** AVAILABLE RECORDS follows **
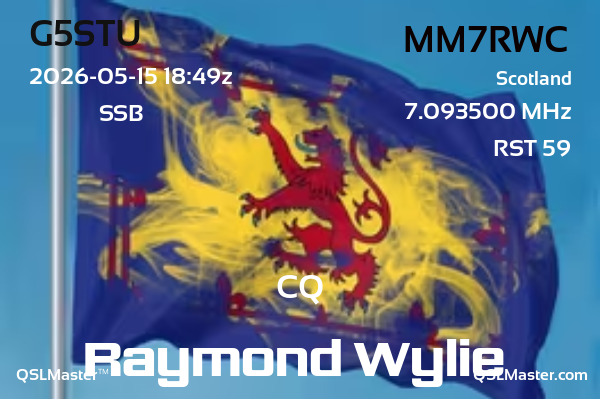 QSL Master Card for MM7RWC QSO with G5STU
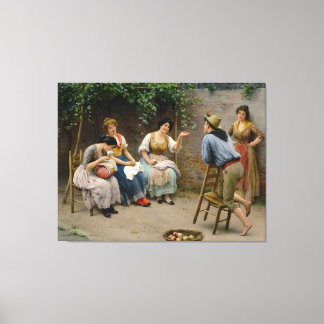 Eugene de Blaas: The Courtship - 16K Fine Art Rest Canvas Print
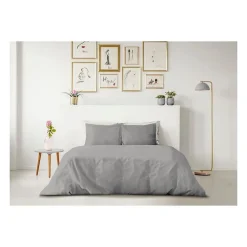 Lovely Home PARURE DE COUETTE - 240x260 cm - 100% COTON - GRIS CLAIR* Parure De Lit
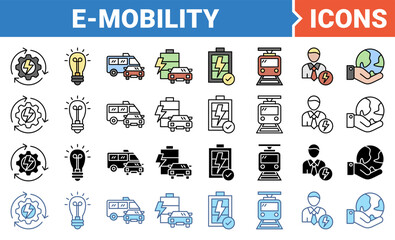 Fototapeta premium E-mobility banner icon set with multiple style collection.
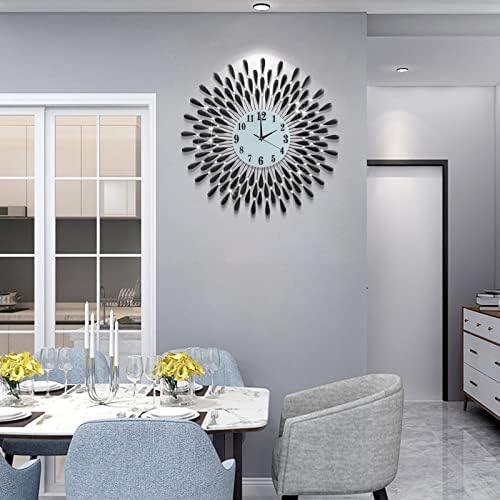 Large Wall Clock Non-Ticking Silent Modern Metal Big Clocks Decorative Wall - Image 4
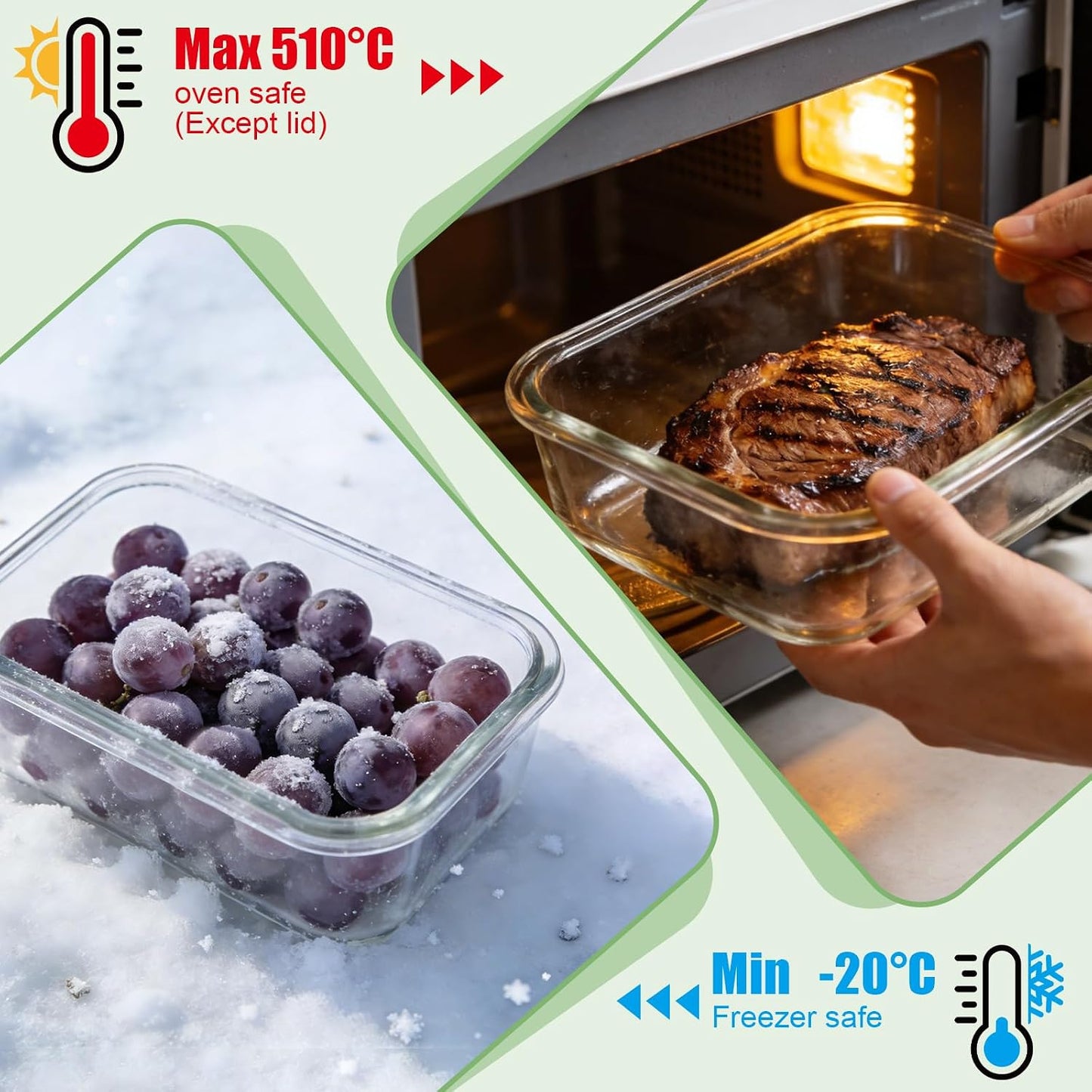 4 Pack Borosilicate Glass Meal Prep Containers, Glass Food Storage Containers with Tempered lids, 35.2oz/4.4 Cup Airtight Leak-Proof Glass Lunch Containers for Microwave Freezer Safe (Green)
** End of AVAILABLE RECORDS **
** AVAILABLE RECORDS follows **
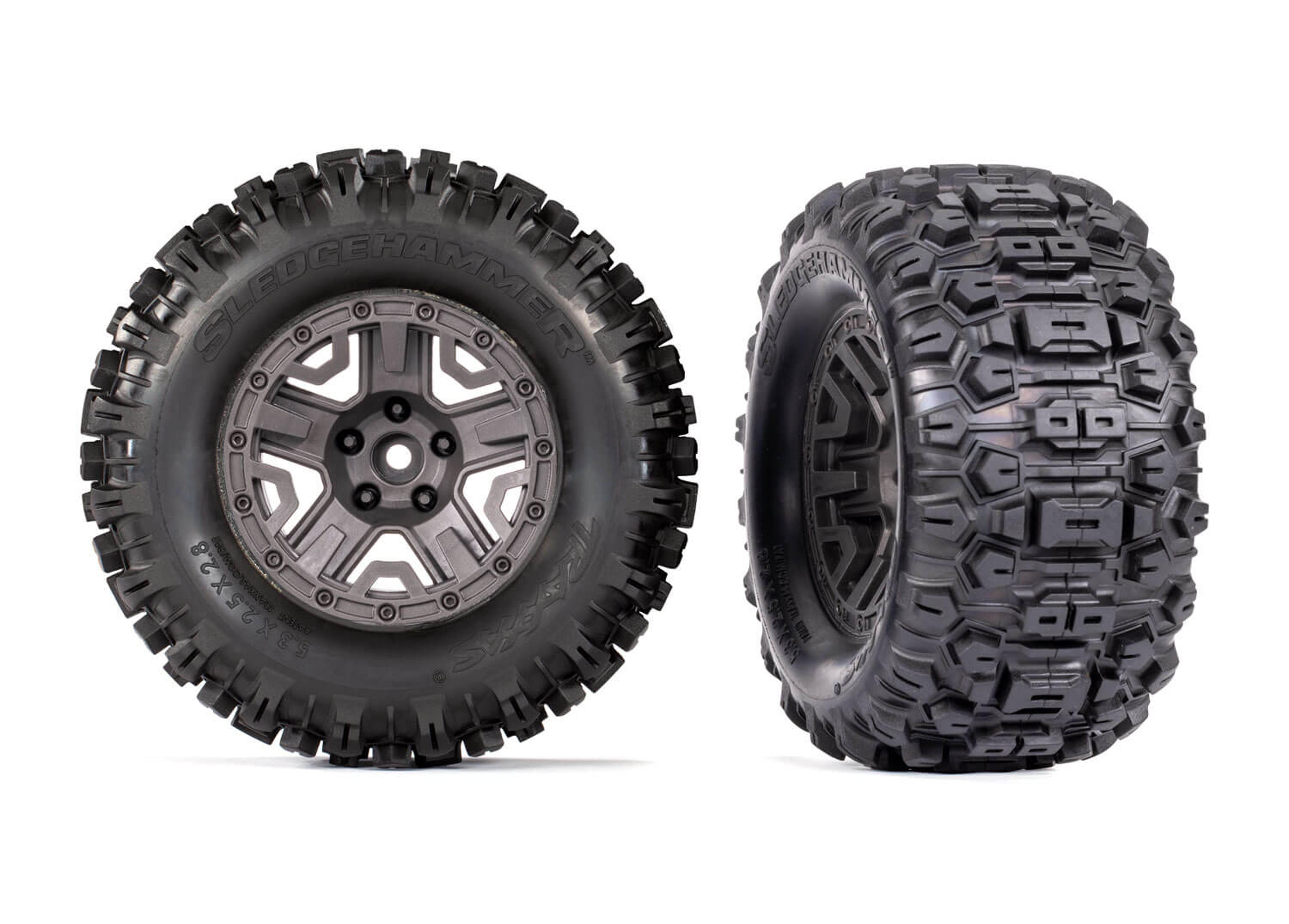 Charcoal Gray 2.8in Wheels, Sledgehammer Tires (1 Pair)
** End of AVAILABLE RECORDS **
◆ **REQUIREMENT**: Of the lines above, quote exactly those from the one with "Eugene de Blaas: The" through the one with "4 Pack Borosilicate", ends included; pictures stay out.

◆ **ANSWER BOX**:
 Eugene de Blaas: The Courtship - 16K Fine Art Rest Canvas Print
 Lovely Home PARURE DE COUETTE - 240x260 cm - 100% COTON - GRIS CLAIR* Parure De Lit
 Fototapeta premium E-mobility banner icon set with multiple style collection.
 Large Wall Clock Non-Ticking Silent Modern Metal Big Clocks Decorative Wall - Image 4
 4 Pack Borosilicate Glass Meal Prep Containers, Glass Food Storage Containers with Tempered lids, 35.2oz/4.4 Cup Airtight Leak-Proof Glass Lunch Containers for Microwave Freezer Safe (Green)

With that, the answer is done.